SOLO chronicles Jenny’s journey every step of the way across the Tien Shaw (Asia), the High Atlas (Africa), the Cordillera Oriental (South America), the Southern Alps (Oceania), the Canadian Rockies (North America) and the Transylvanian Alps (Europe), as she learns lessons in self-esteem, resilience, bravery and so much more. 

What Jenny’s story tells us most of all is that setting out to do things solo – whether the ambitious or the everyday – can be invigorating, encouraging and joyful. And her call to action to find strength, confidence and self-belief in everything we do will inspire and motivate.

I saw Jenny Tough talk at last year’s excellent Sidetracked Live: The Creators Tour in Leeds (alongside some other great speakers), so when I found out that she was publishing a book of her challenge to run solo and unsupported across six mountain ranges on six continents, I immediately put in a pre-order.

Short review: it’s a fabulous book. You should read it.

Slightly longer review: Crikey, what an adventure! I’m trying very hard to resist the Tough by name, tough by nature line as I’m sure she’s heard it a million times, but it really is apt here.

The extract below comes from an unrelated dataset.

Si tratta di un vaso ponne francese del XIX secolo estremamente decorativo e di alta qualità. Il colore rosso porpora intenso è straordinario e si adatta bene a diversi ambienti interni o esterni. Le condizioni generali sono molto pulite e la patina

From the Tien Shaw in Krygystan to the heat of the High Atlas in Africa, the forests and peaks of the Bolivian Andes, down south to the Southern Alps in New Zealand, her childhood home by the Canadian Rockies and finishing in a sprint across the Transylvanian Alps in Romania, Jenny Tough experiences the highs and lows (sorry, I’ll stop with the mountain-related metaphors soon, I promise) of adventure running.

I seem to have read a load of travel books this summer (Sabrina Verjee’s excellent Where There’s A Hill is also worth checking out), and SOLO is right up there at the top of the list. Tough’s writing is deeply personal and supremely evocative as she brings you along on her adventure, showing you the sights and sounds of some of the world’s most spectacular mountains. It’s a fascinating read, following through some very remote landscapes with a tiny backpack. Smaller than the one I took for a weekend camping in the Lakes (but entirely better packed, I’m sure!).

The constant wondering where the next water or food will come from, the warnings from villagers about the dangers up ahead juxtaposed with the generosity of spirit of people along the way all come together in this fantastic account of six incredible journeys. Six very different mountain ranges, six different cultures, six great stories.

After each section of the book I went and watched the short films that she made about her trips. Mountains of Heaven covers the 900km, 25 day run across Krygystan. It was great to see the places that I’d just read about and get to look at the spectacular scenery. Kind of an added bonus feature to the book!

SOLO: What running across mountains taught me about life, by Jenny Tough is published by Aster and is out now in hardback.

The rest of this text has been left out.